::: Provided data :::
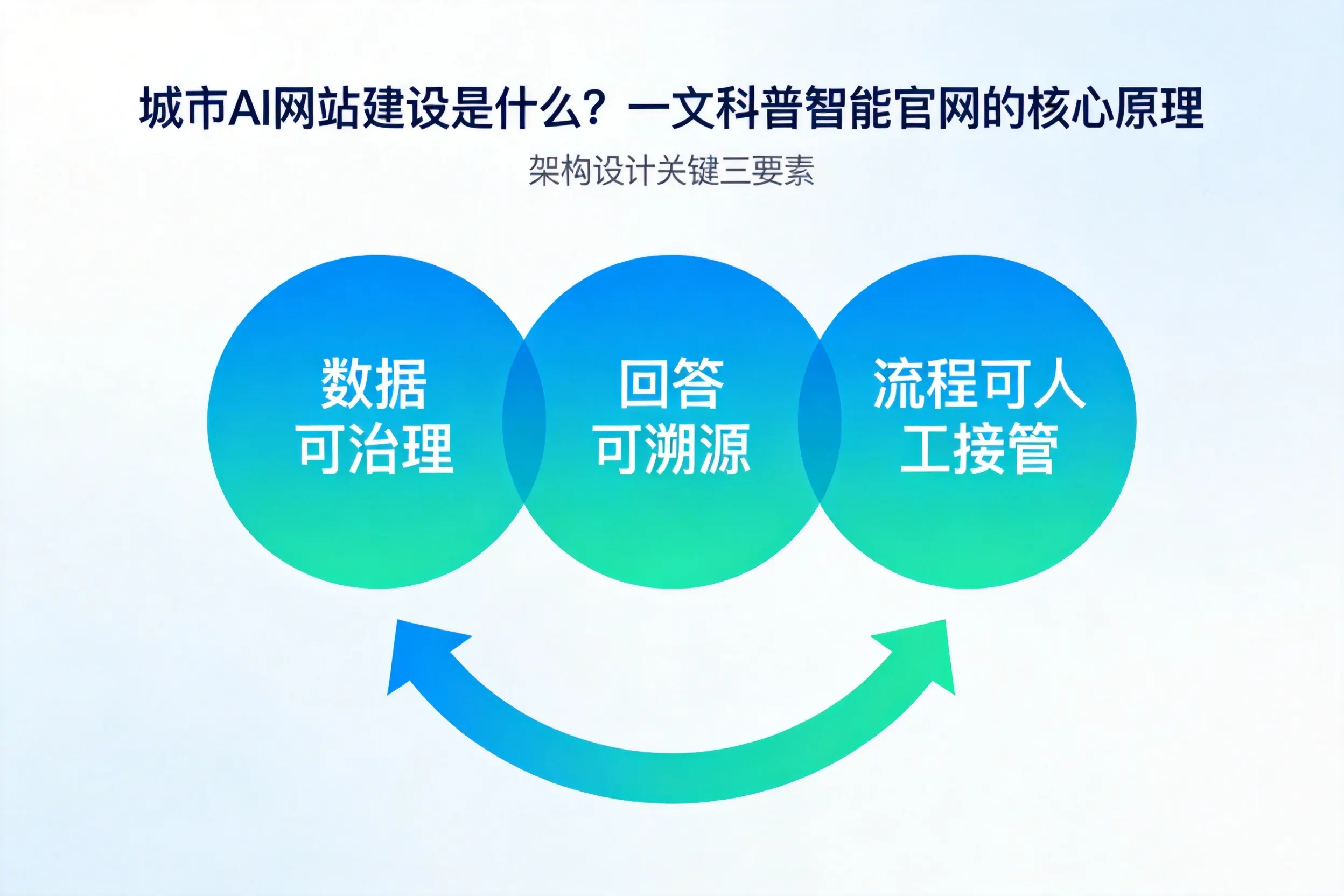 抚顺AI网站建设是什么？一文科普智能官网的核心原理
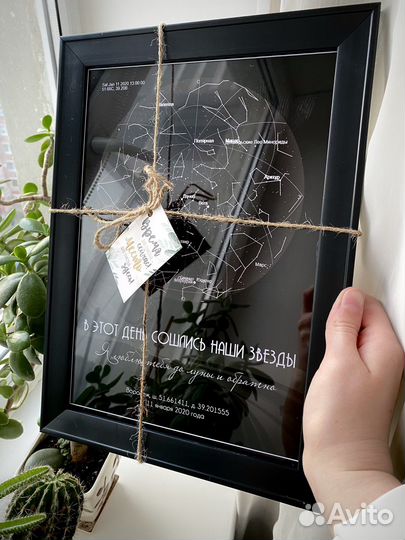 Карта звёздного неба (с фото). Постер, картина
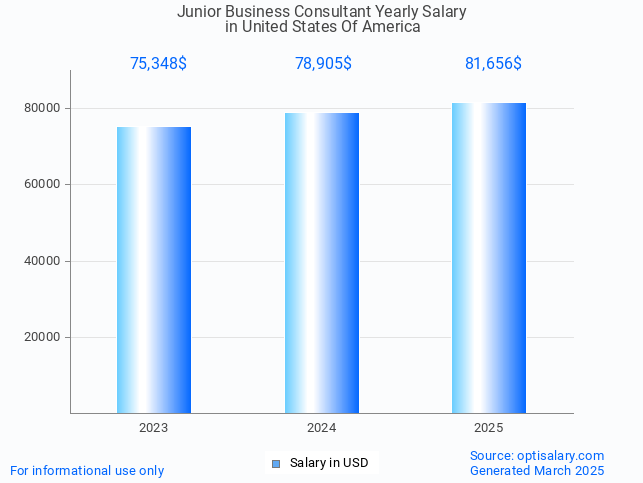 junior business consultant salary in united states of america 2025 junior business consultant salary in united states of america 2025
:::
__Work request__
Pictures stay out; print everything else in the data exactly.

__Response__
 抚顺AI网站建设是什么？一文科普智能官网的核心原理
 Карта звёздного неба (с фото). Постер, картина
 junior business consultant salary in united states of america 2025 junior business consultant salary in united states of america 2025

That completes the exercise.